= TASK REQUIREMENTS =
Skip any image you find and restate the rest of the data word for word.

= AVAILABLE DATA =
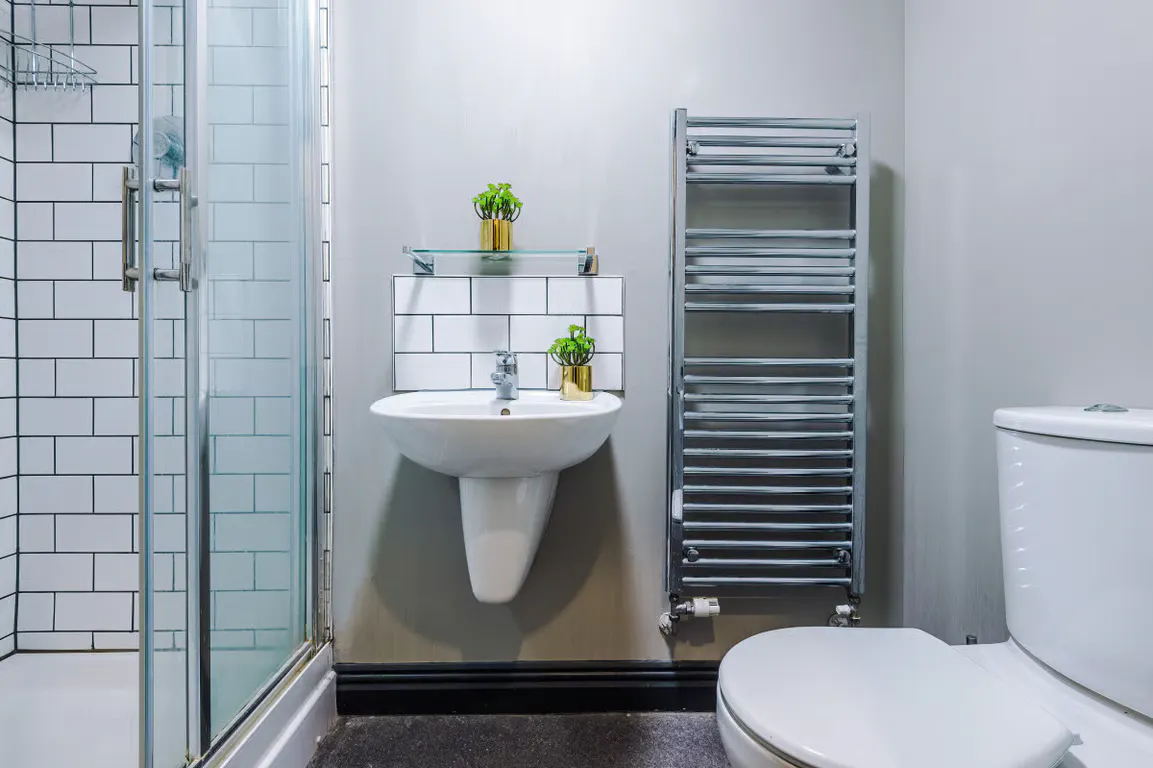 Flat B BATHROOM 2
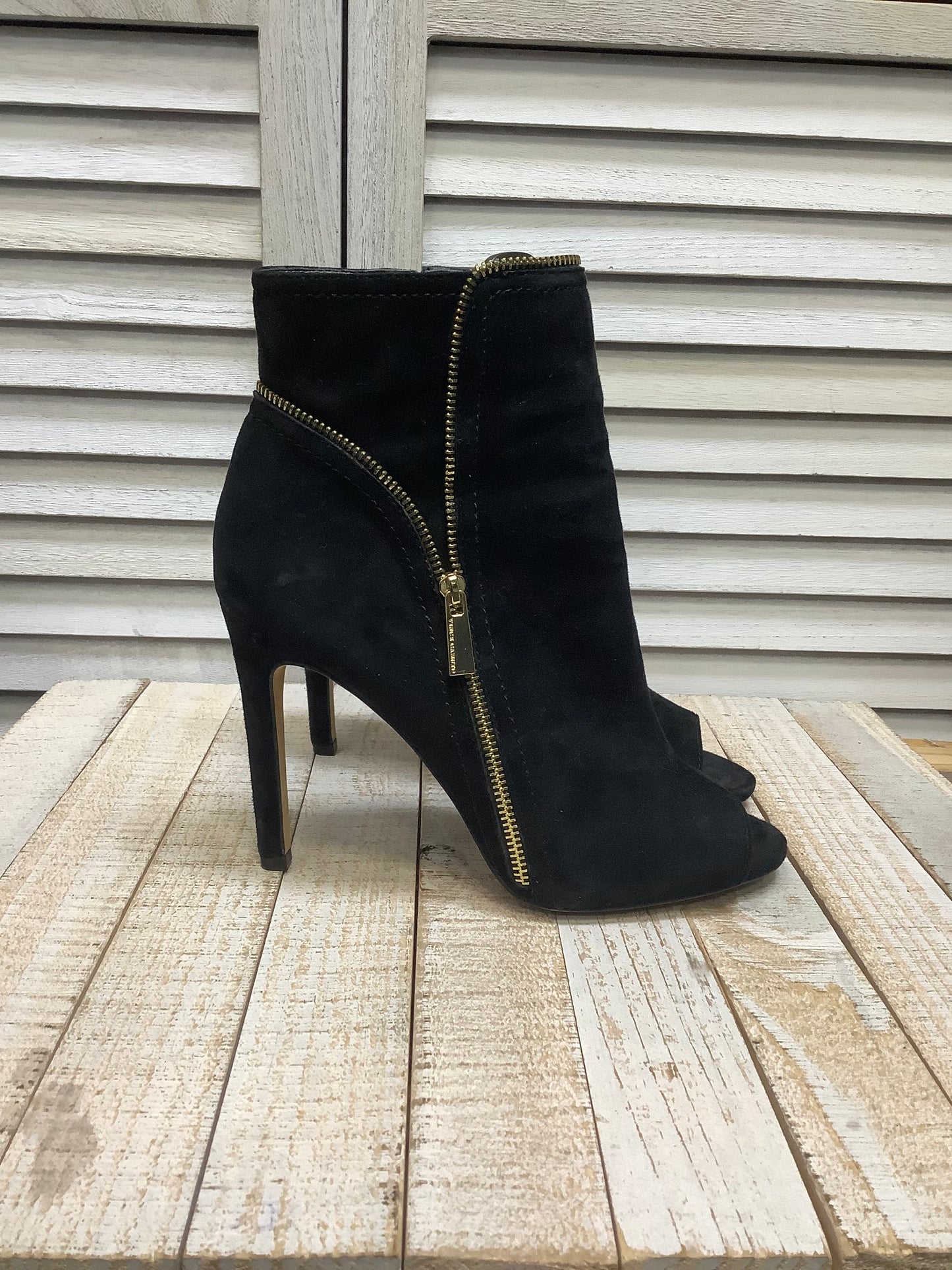 Boots Ankle Heels By Vince Camuto In Black, Size: 8.5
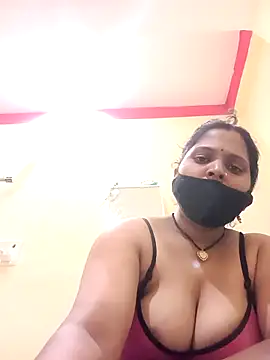 Snapshot of Rani_Devi143 chatting on October 21, 2025, 2:56 am Rani Devi143 online show from October 21, 2025, 2:56 am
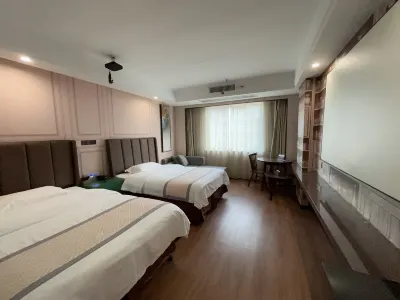 GeMei Hotel (Anqing Qianshan County Hospital Store)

= ANSWER SECTION =
 Flat B BATHROOM 2
 Boots Ankle Heels By Vince Camuto In Black, Size: 8.5
 Snapshot of Rani_Devi143 chatting on October 21, 2025, 2:56 am Rani Devi143 online show from October 21, 2025, 2:56 am
 GeMei Hotel (Anqing Qianshan County Hospital Store)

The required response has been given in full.